Oppers prägte mit seiner Arbeit in Print, Fernsehen und Öffentlichkeitsarbeit nachhaltig die regionale Medienlandschaft und kulturelle Projekte.
Geboren in Moers, begann Oppers seine journalistische Laufbahn in seiner Heimatstadt, bevor er zum Regionalstudio des WDR wechselte. Dort moderierte er gemeinsam die Aktualitätensendung Aktuelle Stunde und wurde 1998 schließlich Unternehmenssprecher des Senders.
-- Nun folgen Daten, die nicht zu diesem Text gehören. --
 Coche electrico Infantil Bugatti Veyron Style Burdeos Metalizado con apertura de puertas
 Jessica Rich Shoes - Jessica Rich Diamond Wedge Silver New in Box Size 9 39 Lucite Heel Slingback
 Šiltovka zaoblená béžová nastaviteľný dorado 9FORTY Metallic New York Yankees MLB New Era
2007 wechselte er zur NRZ, wo er zunächst als Stellvertreter von Chefredakteur Dr. Richard Kiessler tätig war. Noch im Dezember desselben Jahres übernahm er selbst die Chefredaktion, die er bis 2013 innehatte. Während seiner Amtszeit gestaltete er die Ausrichtung der Zeitung neu, führte eine Kinderseite ein und gründete die Initiative Klartext für Kinder. Zudem leitete er die Fernsehaktivitäten des Verlages und engagierte sich in kulturellen Veranstaltungen wie dem Moerser Jazz-Festival. Mit Kommentaren zu politischen und kirchlichen Themen erweiterte er den Einfluss der Zeitung weiter.
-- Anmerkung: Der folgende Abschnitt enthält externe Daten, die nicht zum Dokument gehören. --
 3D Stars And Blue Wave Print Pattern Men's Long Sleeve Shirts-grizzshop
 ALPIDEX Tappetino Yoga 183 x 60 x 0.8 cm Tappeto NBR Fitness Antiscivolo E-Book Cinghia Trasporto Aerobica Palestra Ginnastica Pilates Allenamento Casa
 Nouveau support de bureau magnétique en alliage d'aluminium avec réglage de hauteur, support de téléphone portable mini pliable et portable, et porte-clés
Über den Journalismus hinaus blieb Oppers auch im öffentlichen Leben aktiv. 2023 wurde er zum Botschafter der Stiftung Behindertensport ernannt. Sein Vater, Heinz Oppers, hatte zuvor als Stadtdirektor von Moers gewirkt und damit den lokalen Einfluss der Familie gefestigt.
Oppers' Tod markiert das Ende einer Karriere, die Print, Rundfunk und gesellschaftliches Engagement umfasste. Seine Arbeit bei der NRZ und dem WDR prägte den Regionaljournalismus, während seine spätere Rolle als Botschafter sein Engagement für soziale Belange unterstrich. Er hinterlässt ein Erbe in Medien und Gemeinschaftsarbeit.